▶ **Your assignment**
Return the whole listing, line for line, without the pictures in it.

▶ **Data shown**
########

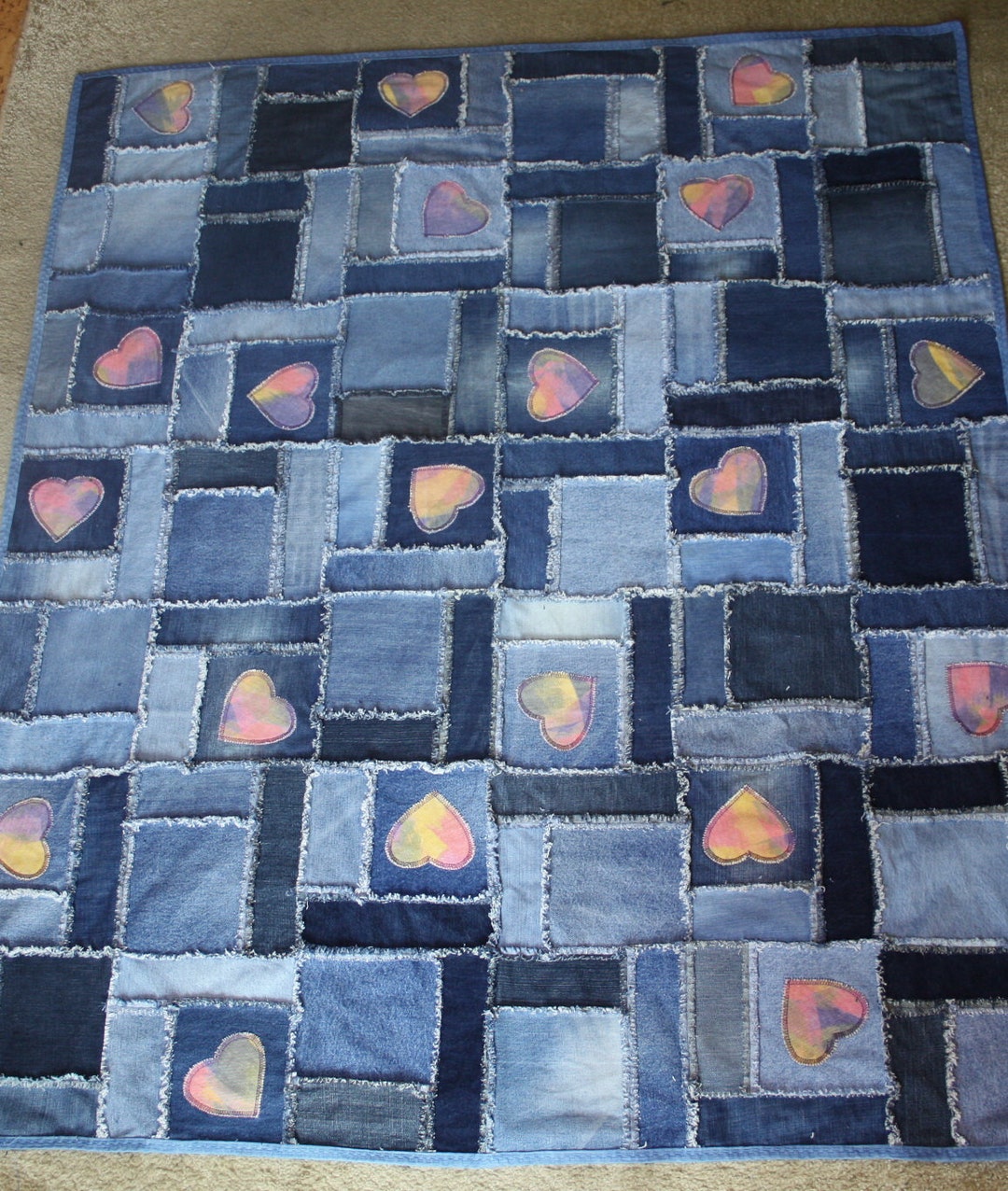 Denim Patchwork Heart Rag Quilt Made From Upcycled Jeans , Denim Picnic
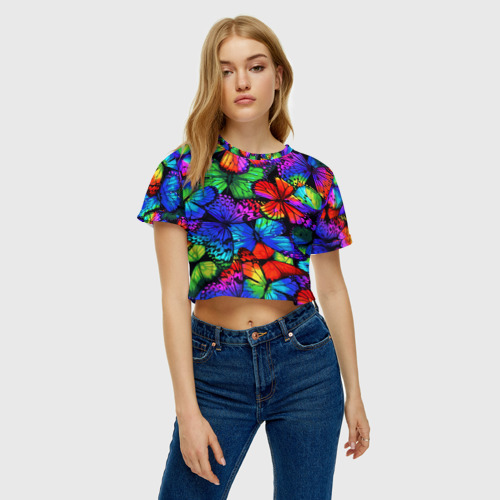 Женская футболка Crop-top 3D С голубыми бабочками - яркое лето, цвет 3D печать - фото 3
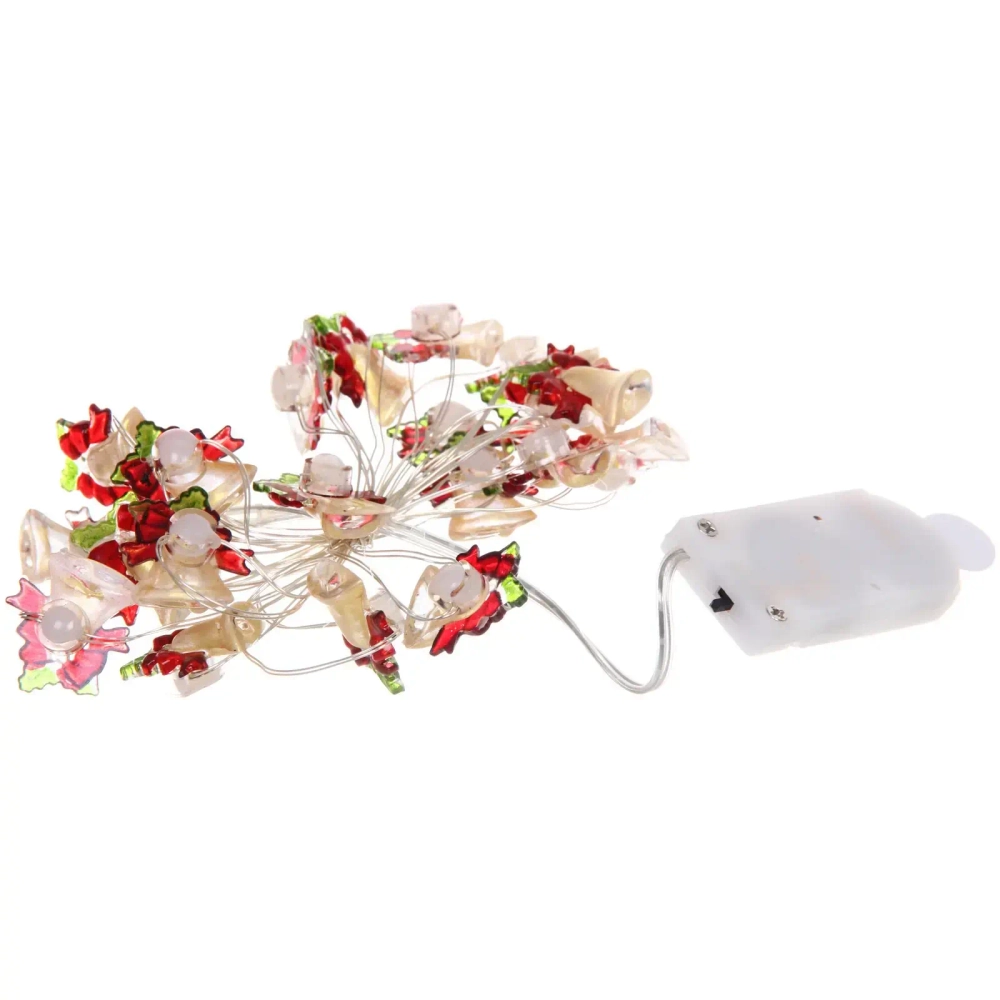 Гирлянда для дома «Колокольчик»(2*2см) на батарейках 2,0 м 20 ламп LED, 1 реж., IP-20, Теплый белый (батарейки CR2032)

########

▶ **Output for this exercise**
 Denim Patchwork Heart Rag Quilt Made From Upcycled Jeans , Denim Picnic
 Женская футболка Crop-top 3D С голубыми бабочками - яркое лето, цвет 3D печать - фото 3
 Гирлянда для дома «Колокольчик»(2*2см) на батарейках 2,0 м 20 ламп LED, 1 реж., IP-20, Теплый белый (батарейки CR2032)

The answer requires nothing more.